── Data ──

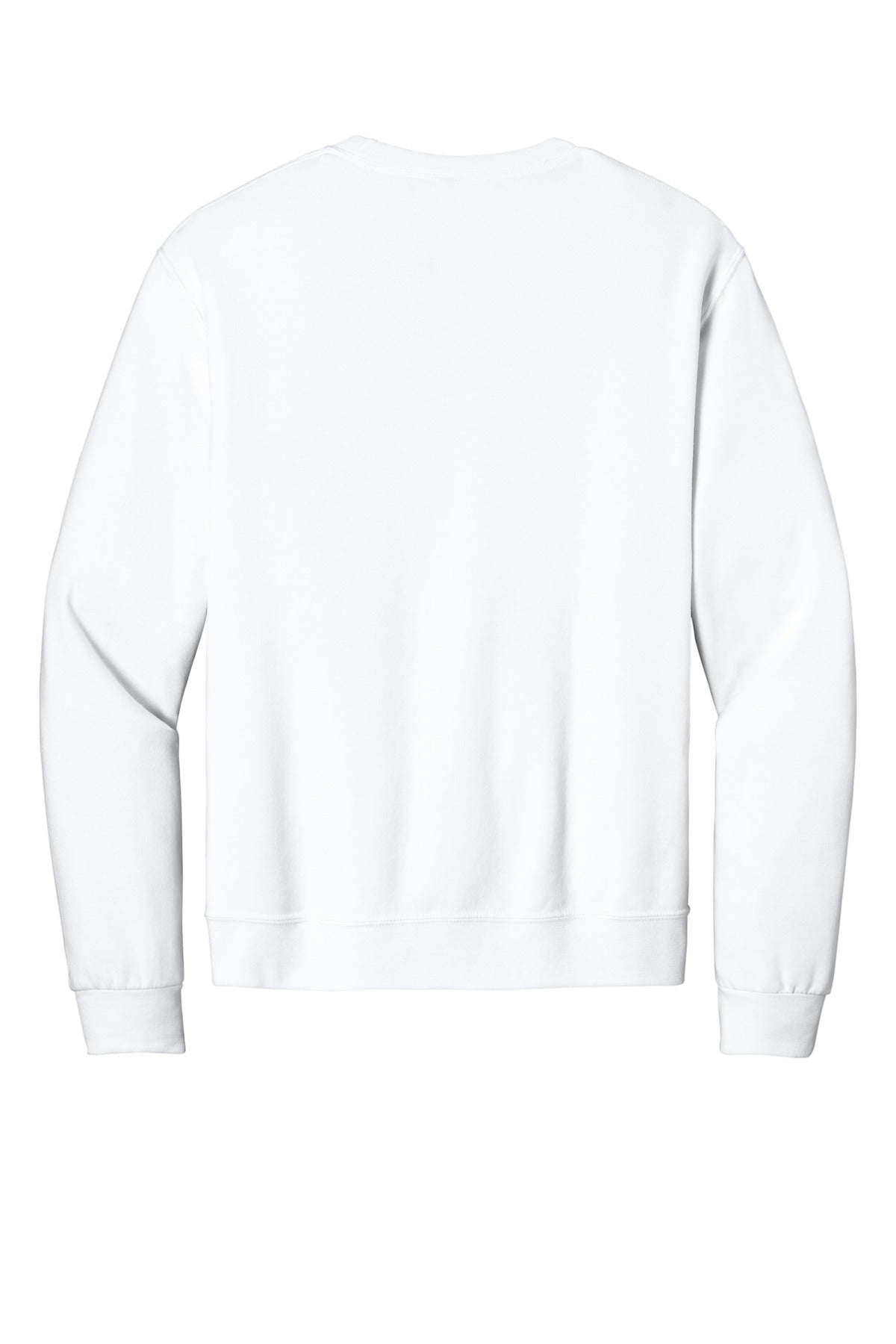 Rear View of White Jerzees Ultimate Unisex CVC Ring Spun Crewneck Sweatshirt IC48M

───
── Data ──

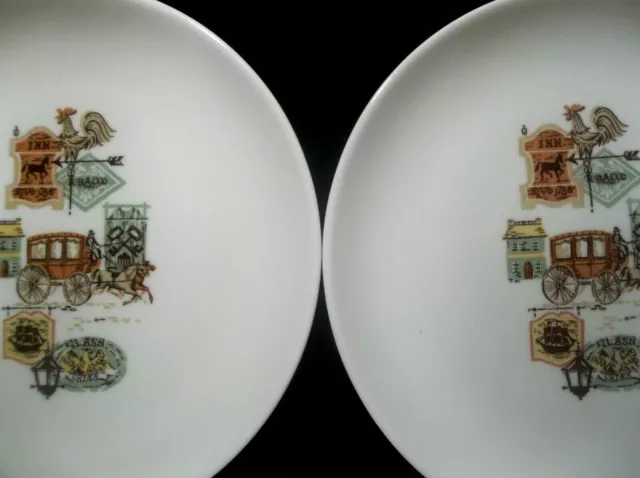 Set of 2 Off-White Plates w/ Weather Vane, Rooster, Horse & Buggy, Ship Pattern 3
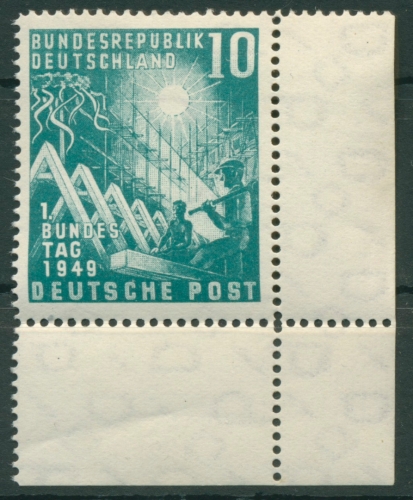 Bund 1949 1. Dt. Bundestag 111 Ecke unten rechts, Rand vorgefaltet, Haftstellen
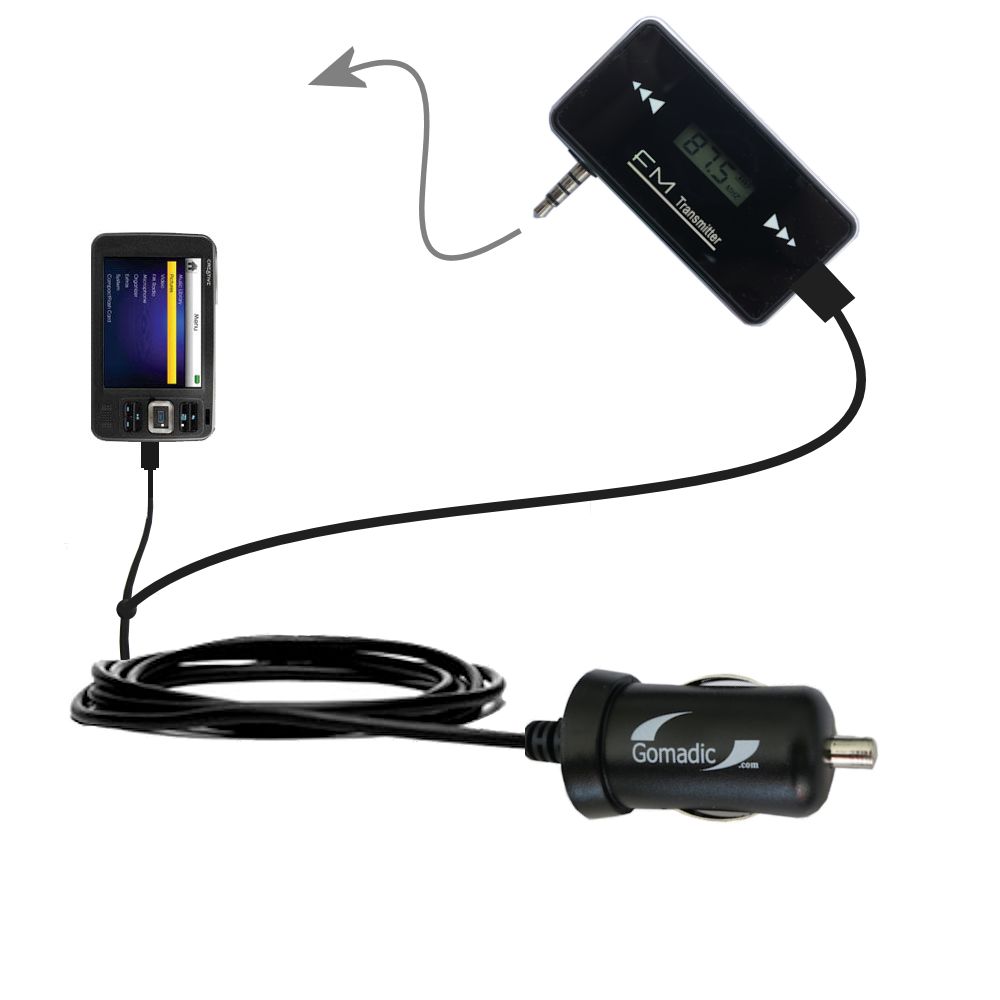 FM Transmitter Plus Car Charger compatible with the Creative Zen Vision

───
── Data ──

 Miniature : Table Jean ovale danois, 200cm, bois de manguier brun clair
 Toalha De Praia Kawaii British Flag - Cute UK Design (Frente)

───

### Problem
Transcribe, word for word, the lines of the listing above from the one that contains "Bund 1949 1." through the one that contains "FM Transmitter Plus", keeping both ends and dropping the pictures.

### Output
 Bund 1949 1. Dt. Bundestag 111 Ecke unten rechts, Rand vorgefaltet, Haftstellen
 FM Transmitter Plus Car Charger compatible with the Creative Zen Vision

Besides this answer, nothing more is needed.